Valdez told Detective J.L. Hill that appellant had told her that the truck was stolen and that he was having to get rid of it, but that he was unlikely to get caught because his accomplice, Daniel, had switched the license plates. Spear was present with Valdez on the day that appellant was arrested and overheard a voicemail message from appellant intended for Valdez, in which appellant spoke of killing himself by running his stolen truck off a road or by shooting himself with a gun that he had. Additionally, appellant gave a written statement to police in which he admitted that he knew the truck was stolen but said that Daniel stole it and brought it to appellant’s house with the gun already in the front seat.
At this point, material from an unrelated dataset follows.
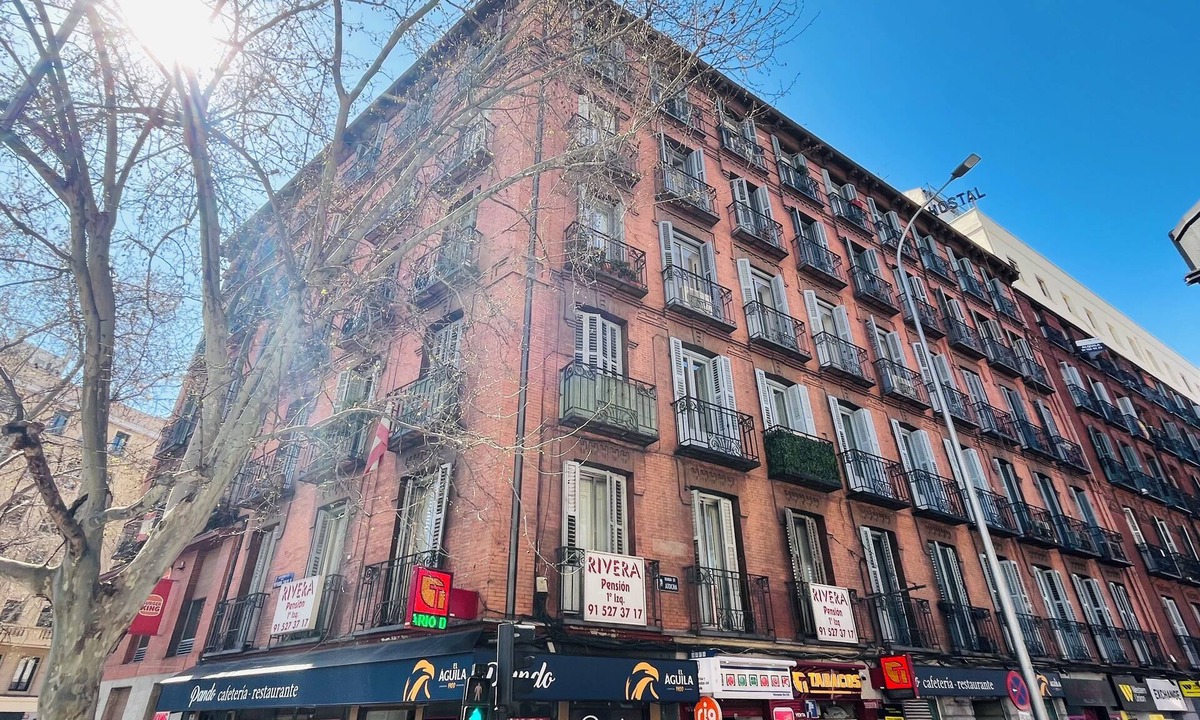 Palos de la Frontera Hostel | Pension Rivera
In a rather curious brief, appellant, in his sole issue, alleges that the evidence was factually insufficient to support the conviction. In the body of his brief, however, he argues that the evidence was legally insufficient to support the conviction for unauthorized use of a vehicle. This latter argument by appellant was perhaps occasioned by the Texas Court of Criminal Appeals’s decision in Brooks v. State, 323 S.W.3d 893 (Tex. Crim. App. 2010). In Brooks, the Texas Court of Criminal Appeals jettisoned the factual sufficiency concept of measuring sufficiency of the evidence and in doing so, returned to a single yardstick for measuring sufficiency equivalent to that found in Jackson v. Virginia, 443 U.S. 307, 99 S. Ct. 2781 (1979), viz: whether any rational trier of fact could have found the essential elements of the crime beyond a reasonable doubt, when viewing the evidence in a light most favorable to the prosecution. Brooks, 323 S.W.3d at 902 (citing Jackson, 443 U.S. at 319, 99 S. Ct. at 2789); see also Wirth v. State, 327 S.W.3d 164, 165 (Tex. Crim. App. 2010) (remanding a case that the court of appeals had reversed for factual insufficiency and ordering that court to reconsider its decision in light of Brooks).
Standard of Review
As previously mentioned, we review the evidence in a light most favorable to the prosecution, or verdict, as it is sometimes stated. The trier of fact is responsible for resolving conflicts in the testimony, weighing the evidence, and drawing reasonable inferences from basic facts to ultimate facts. Jackson, 443 U.S. at 319, 99 S. Ct. at 2789.